The Fourth Circuit's Conner decision appears to be one of the leading circuit cases on this issue. There, the district court had remanded a case for a hearing on new evidence. 381 F.2d at 497. After the hearing, the agency made an award of past-due benefits, and both the agency and the district court awarded fees to claimant's counsel. Id. at 498. On appeal, the Secretary argued that the statute set three conditions: “(1) there must be a judgment, (2) which is favorable to the claimant, and (3) which awards him benefits.” Id. at 499. The Secretary then argued, “[a]pplying this construction of the amendment to the instant case it is argued that while a remand for a purpose of taking new evidence is a judgment favorable to the claimant, the court did not award benefits and, therefore, had no authority to award a counsel fee.” Id. In response, the Fourth Circuit stated:
Should the Secretary prevail in this case there would be a serious hiatus in the Social Security law which would work to the ultimate detriment of those seeking disability benefits. The Secretary's authority to award counsel fees extends only to services rendered at the administrative stage. No appeal from his decision may be taken. The Secretary, in turn, is powerless to award fees for services rendered in court. In the face of these facts the Secretary would have us limit the court's power to award fees to those situations in which the District Court entered a judgment specifically awarding benefits. Under this view, an attorney, such as counsel in this case, who renders substantial service before the court and is successful in obtaining a remand which ultimately leads to an award of benefits would be compensated only for work done at the administrative level; his labors in court, no matter how effective and productive as in the instant case, would go unrewarded. This might tend to discourage attorneys from undertaking to represent claimants in such cases․ It would further appear that counsel seeking judicial review of the Secretary's denial of benefits would be loath to request a remand-no matter how appropriate-especially where there appeared to be a strong possibility that the Secretary's decision would be reversed by the court.

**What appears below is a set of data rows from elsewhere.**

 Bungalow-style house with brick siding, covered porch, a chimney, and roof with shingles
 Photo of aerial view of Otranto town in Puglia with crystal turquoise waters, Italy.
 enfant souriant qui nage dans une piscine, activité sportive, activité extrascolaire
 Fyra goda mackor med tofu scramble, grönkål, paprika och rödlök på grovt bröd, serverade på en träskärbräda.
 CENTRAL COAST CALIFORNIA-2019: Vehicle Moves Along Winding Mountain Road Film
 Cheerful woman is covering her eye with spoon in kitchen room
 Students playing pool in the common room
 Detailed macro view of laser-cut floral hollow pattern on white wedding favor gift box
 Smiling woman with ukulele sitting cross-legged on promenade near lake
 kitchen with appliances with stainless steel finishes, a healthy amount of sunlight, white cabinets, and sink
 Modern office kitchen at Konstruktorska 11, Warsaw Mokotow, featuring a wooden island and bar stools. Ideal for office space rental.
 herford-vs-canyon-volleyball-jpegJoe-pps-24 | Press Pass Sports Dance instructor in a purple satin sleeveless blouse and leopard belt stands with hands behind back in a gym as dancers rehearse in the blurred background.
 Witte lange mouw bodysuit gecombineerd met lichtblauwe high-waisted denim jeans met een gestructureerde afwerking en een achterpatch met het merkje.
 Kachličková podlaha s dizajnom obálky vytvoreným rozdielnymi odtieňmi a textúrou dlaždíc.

We are of the view that the court may award a fee for substantial work done before the court although the court enters no judgment for specific benefits but, instead, orders a remand to the Secretary who ultimately honors the claim for benefits. While the 1965 amendment is not concerned with the specific situation before us, we conclude that the intent of Congress was broad enough to encompass it. The purpose of this amendment was to provide, within reasonable limits, fees for attorneys rendering services in the District Court. To permit counsel to receive a reasonable fee for such services will not defeat such purpose, but will serve to advance it.
Id. at 500 (citations omitted). The court reiterated its position in Brown v. Gardner, 387 F.2d 345, 346 (4th Cir.1967), and Morris v. Social Security Administration, 689 F.2d 495, 497 (4th Cir.1982).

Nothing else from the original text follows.